# /events

The `/events` skill pulls recent Kubernetes events and collapses them into a short, ranked list — `Warning` events first, then anything notable in `Normal`. It is read-only and never mutates cluster state.

The output is deliberately bounded so the first response is cheap to read and cheap to re-emit through the model. The full event list is written to a local JSON cache that the agent reads from on follow-up questions, without re-hitting the API.

```text
/events                            # snapshot (uses cache if fresh)
/events --refresh                  # force a fresh fetch
/events --ttl 5m                   # only re-fetch if older than 5m
```

This skill takes no positional arguments. Follow-up questions ("only payments", "events on pod/checkout-7c9", "show me the suppressed Normal events") are answered from the cache — see [Follow-ups](#follow-ups) below.

---

## What it checks

:::note[Checks]
- `Warning` events across all namespaces, grouped by `(reason, involvedObject.kind, namespace)`
- `Normal` events that are usually meaningful — `Killing`, `Preempting`, `NodeNotReady`, `Rebooted`, `FailedScheduling`, etc. — with the chatty ones (`Pulled`, `Created`, `Started`, `Scheduled`, `SuccessfulCreate`) collapsed into a single tail line
- For each group: count, first/last timestamp, the most recent message, and the involved objects (truncated when there are many)
:::

Sources: Kubernetes API only — `kubectl get events --all-namespaces` (or the equivalent against `events.k8s.io/v1`), sorted server-side by `lastTimestamp`.

---

## How it works

The skill fetches events for the cluster in a single call and writes the full list to a per-context cache directory as `events.json`. Aggregation and severity ranking happen client-side on that JSON, so repeat runs within the TTL window skip the API entirely.

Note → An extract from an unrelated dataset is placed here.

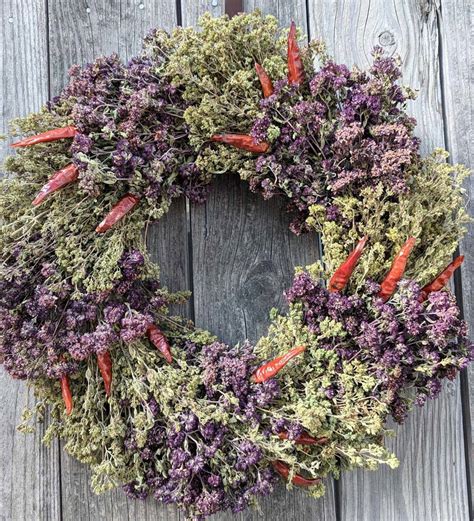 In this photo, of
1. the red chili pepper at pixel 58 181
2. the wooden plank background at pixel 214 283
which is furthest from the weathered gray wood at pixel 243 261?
the red chili pepper at pixel 58 181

The summary block looks like this:

```text
Events: prod-us-east · last 1h · 2 warning groups, 1 notable

WARN  payments/Pod         BackOff             14×  2m ago   "Back-off restarting failed container server in pod checkout-7c9"
WARN  ingress/Pod          FailedScheduling    1×   38m ago  "0/12 nodes are available: 3 node(s) had untolerated taint…"
NOTE  kube-system/Node     NodeNotReady        1×   52m ago  "Node ip-10-0-3-14 status is now: NodeNotReady"

…and 412 Normal events (Pulled, Created, Started, Scheduled) suppressed.

Snapshot cached (TTL 5m). Ask to drill in — e.g. "only payments", "events on pod/checkout-7c9", "show suppressed".
```

When the window is clean, the skill prints a single line confirming there's nothing to report and exits.

---

## Follow-ups

The summary deliberately collapses chatty `Normal` reasons and truncates per-object detail so the initial response stays small. When you ask for more — or anything else that can be answered from the cached event list — the agent reads the cache with `jq` instead of re-running the skill:

```text
❯ /events
[ summary... ]

❯ only payments
[ events filtered to namespace payments, from events.json ]

❯ show the suppressed Normal events
[ full Normal-event list, from events.json ]

❯ events on pod/checkout-7c9
[ filtered by involvedObject, walking owners one level up, from events.json ]
```

For data that isn't in the cache (logs, a specific resource's YAML, root-cause across multiple sources), the agent routes to the right skill — [`/logs`](/reference/skills/logs/) or [`/investigate`](/reference/skills/investigate/) — rather than widening `/events`.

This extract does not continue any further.